The task:
The answer must be the full data, restated word for word, with no pictures in it.

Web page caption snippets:
= Beginning of Section =

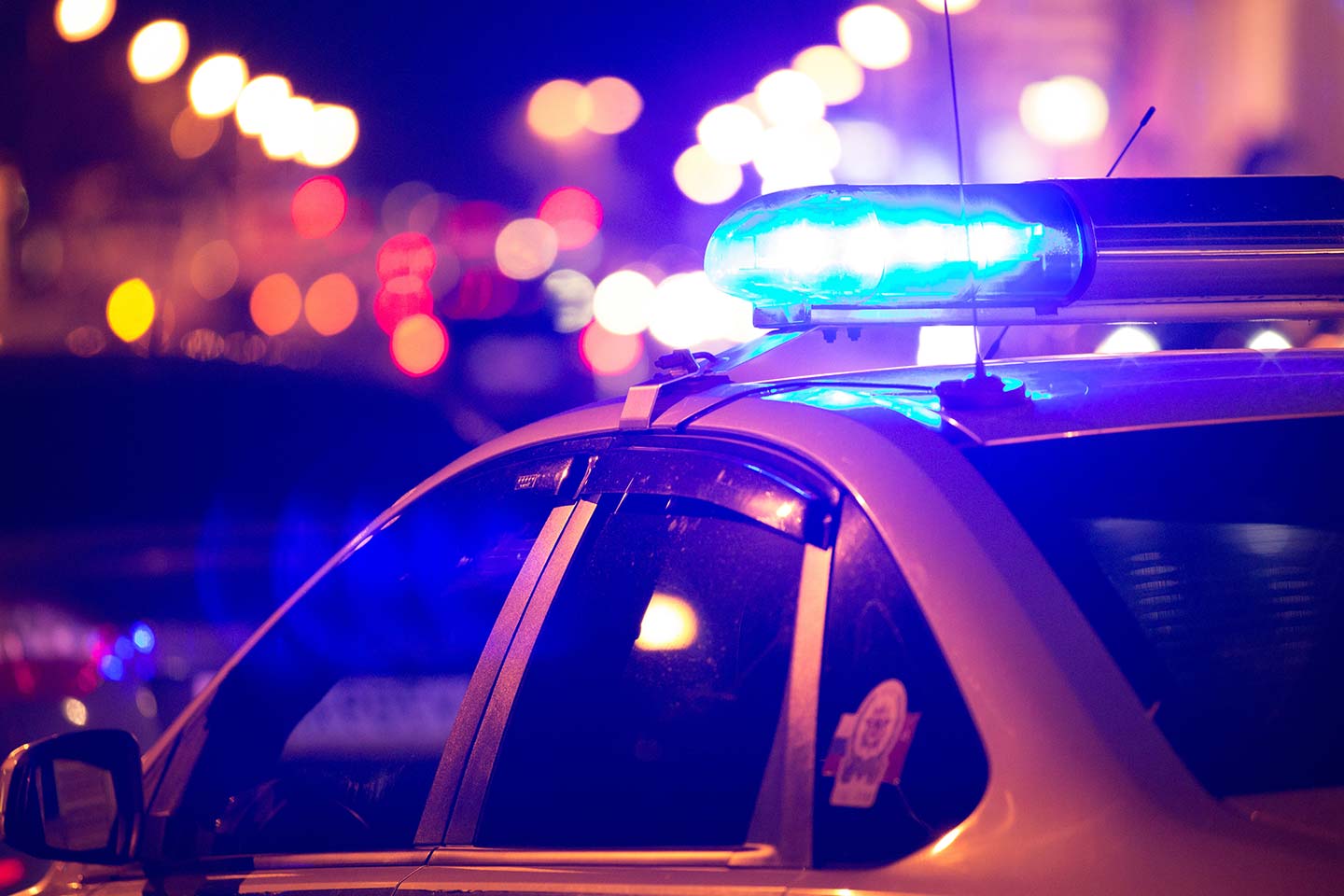 Photo of a police car with blue lights flashing at night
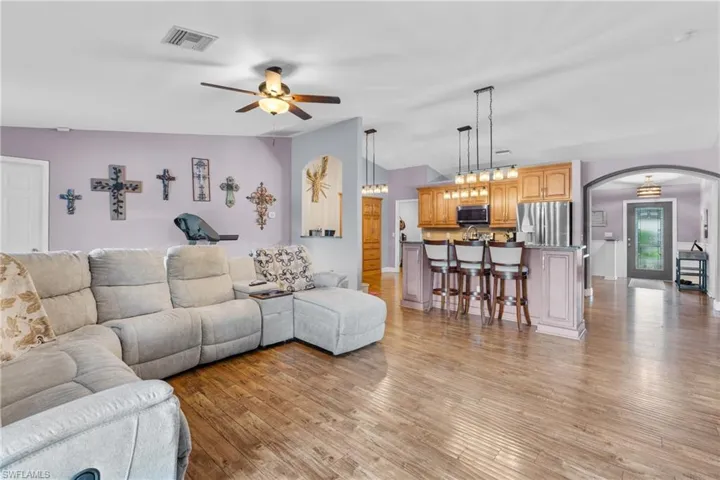 Living area featuring arched walkways, light wood-style flooring, ceiling fan, and lofted ceiling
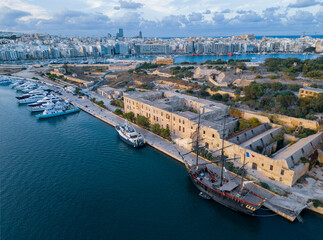 Naklejka premium Beautiful sunset on Lazaretto of Manoel Island with Yacht Marina and old wooden sailing ship with French flag. Aerial view on a city skyline with natural golden and blue colors. Clouds in the sky.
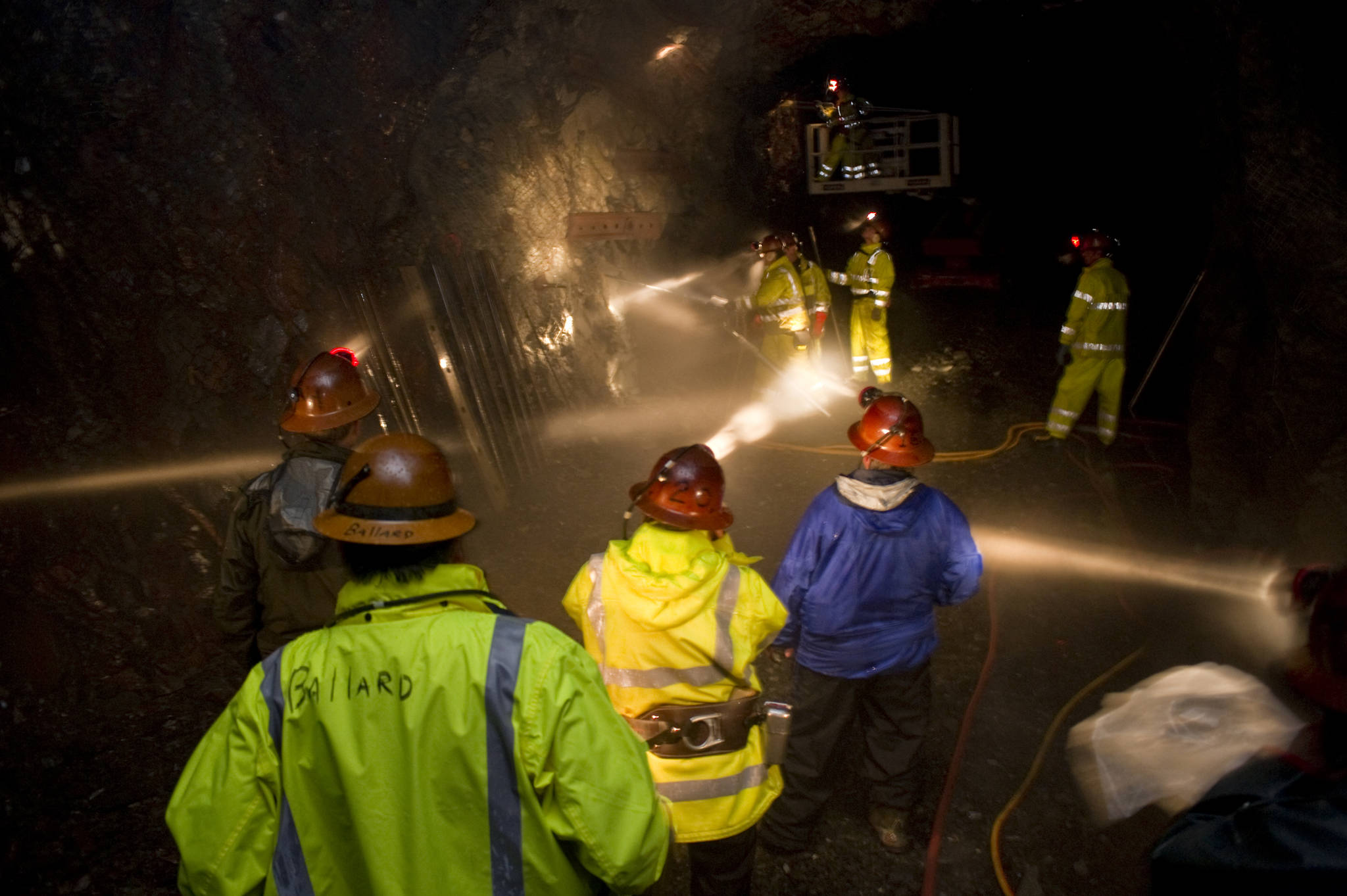 Employees of the Alaska Department of Labor and Workforce Development watch mining students in the Entry Level Underground Mining Training program learn how to hand drill in the AJ Mine in June 2010. (Michael Penn | Juneau Empire)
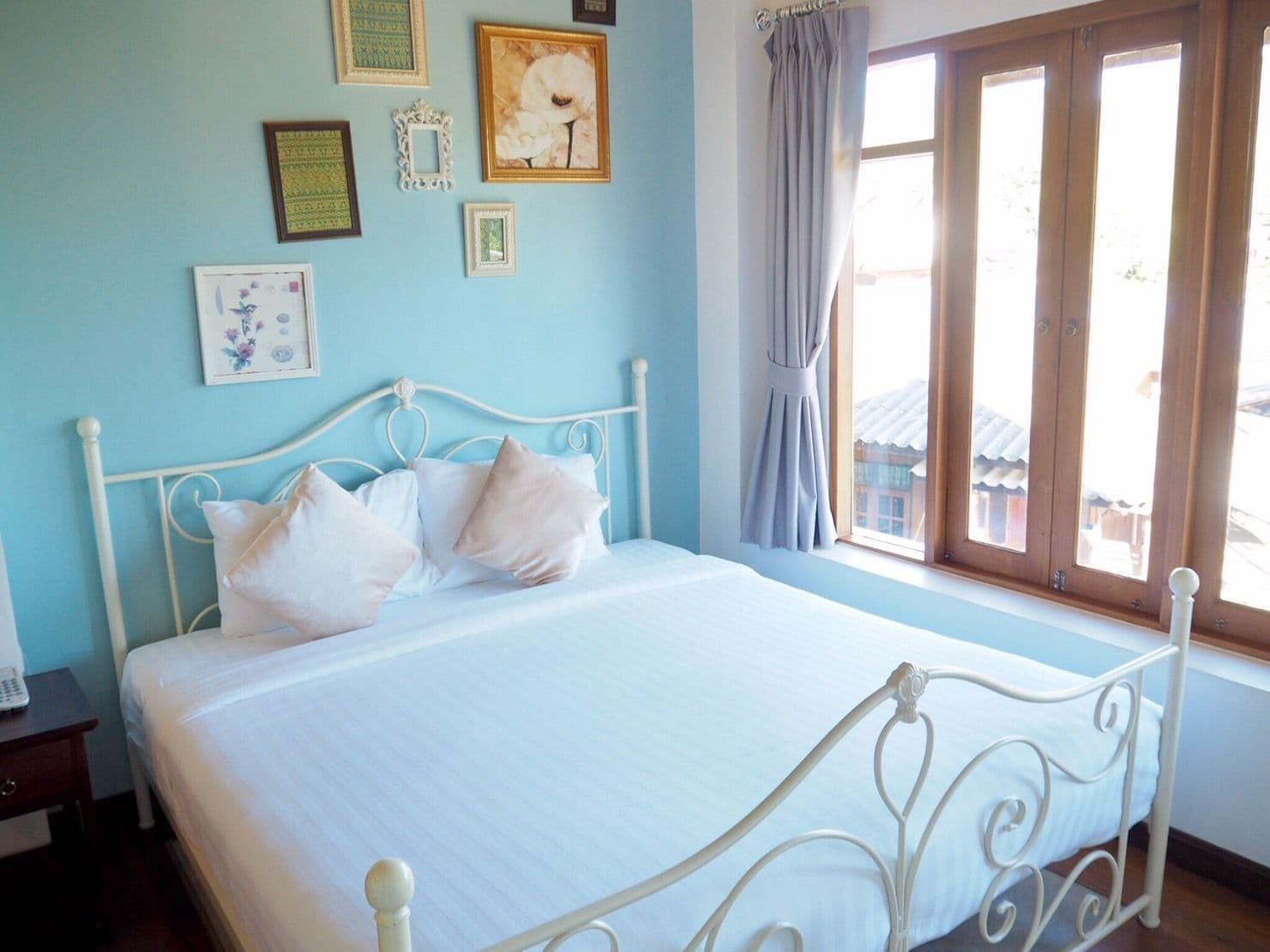 Una cama bien hecha con ropa blanca y estructura metálica, una mesita de noche con un control remoto y una ventana con cortinas.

= End of Section =

Exercise answer:
 Photo of a police car with blue lights flashing at night
 Living area featuring arched walkways, light wood-style flooring, ceiling fan, and lofted ceiling
 Naklejka premium Beautiful sunset on Lazaretto of Manoel Island with Yacht Marina and old wooden sailing ship with French flag. Aerial view on a city skyline with natural golden and blue colors. Clouds in the sky.
 Employees of the Alaska Department of Labor and Workforce Development watch mining students in the Entry Level Underground Mining Training program learn how to hand drill in the AJ Mine in June 2010. (Michael Penn | Juneau Empire)
 Una cama bien hecha con ropa blanca y estructura metálica, una mesita de noche con un control remoto y una ventana con cortinas.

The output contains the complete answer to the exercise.